しかし、すべての者が、同じ船に乗り込んだわけではありません。中央の権力からは、あえて一歩、距離を置き続けた者。表舞台の光を避け、あえて影の中に 身を置き続けた者。石高や地位よりも、一本の剣に 生涯を捧げた者。時代そのものに 背を向け、最後まで抗い続けた者。彼らは、体制に忠実な従者でも、単純な反逆者でもありません。

本シリーズが描くのは、巨大な秩序という船の外で、それぞれの舵を取り続けた七人の物語です。

なぜ、体制と距離を取るのか

歴史は、体制の中に「入った者」と、体制に「翻弄された者」、その二つの物語で語られがちです。

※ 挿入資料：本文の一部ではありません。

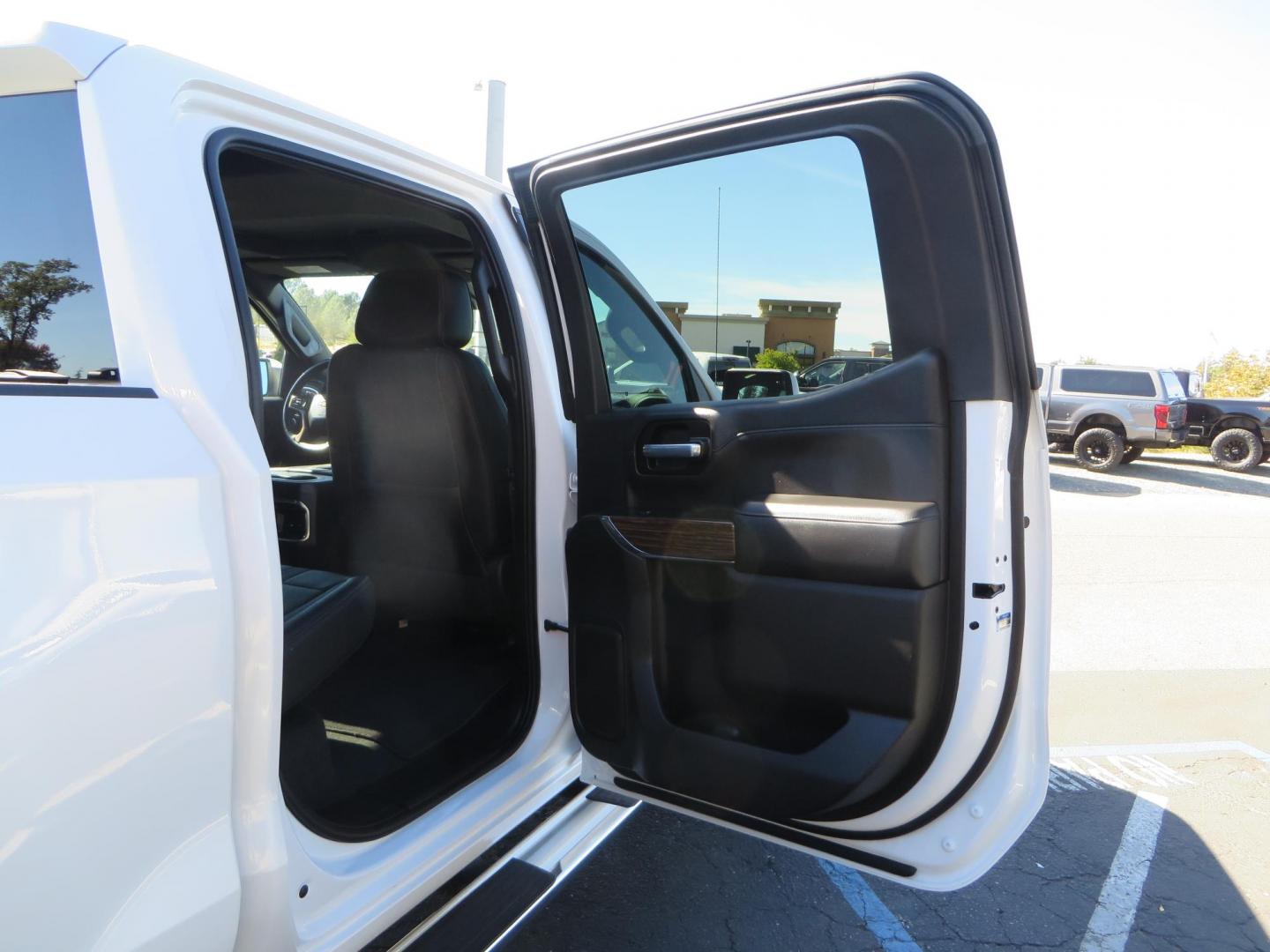 2021 White Chevrolet Silverado 1500 High Country Crew Cab 4WD (3GCUYHEL2MG) with an 6.2L V8 OHV 16V engine, 6A transmission, located at 2630 Grass Valley Highway, Auburn, CA, 95603, (530) 508-5100, 38.937893, -121.095482 - Features - Zone Offroad 6" lift kit, 35" Nitto Ridge Grappler tires, 20" SOTA wheels, and a Bakflip MX4 bedcover. - Photo#60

しかし、 その狭間には、第三の生き方が確かに存在していました。権力に媚びることなく、しかし正面から刃を交えることもなく、自らの間合いで、静かに時代と渡り合う。その姿勢は、決して逃げでも弱さでもありません。何を差し出し、何を差し出さないのか。その一線こそが、彼らなりの無言の意思表示でした。

本シリーズが伝えたいのは、「体制と共に生きること」と、「体制から距離を置くこと」。この二つは、決して対立する道ではなく、どちらもまた、乱世を生き抜くための確かな戦略だったという視点です。

立ち位置の選択とは

体制の内側に身を置くことだけが、生き残る唯一の道 ではありません。距離を取ること。あえて前に出ないこと。自らの信念を 最後まで 手放さないこと。それもまた、確かな一つの選択です。

歴史を動かしたのは、天下を取った勝者だけでは ありません。巨大な体制と向き合いながらも、自分だけの間合いを守り続けた人々もまた、確かにそこにいました。このシリーズの七人の人生から浮かび上がってくるのは、「どこに属するか」だけではなく、「どのように属するか」もまた、人生を静かに 左右するという視点です。

それぞれの距離感を通して、教科書の歴史だけでは見えてこない、もう一つの戦国・江戸史を、一緒に旅していきましょう。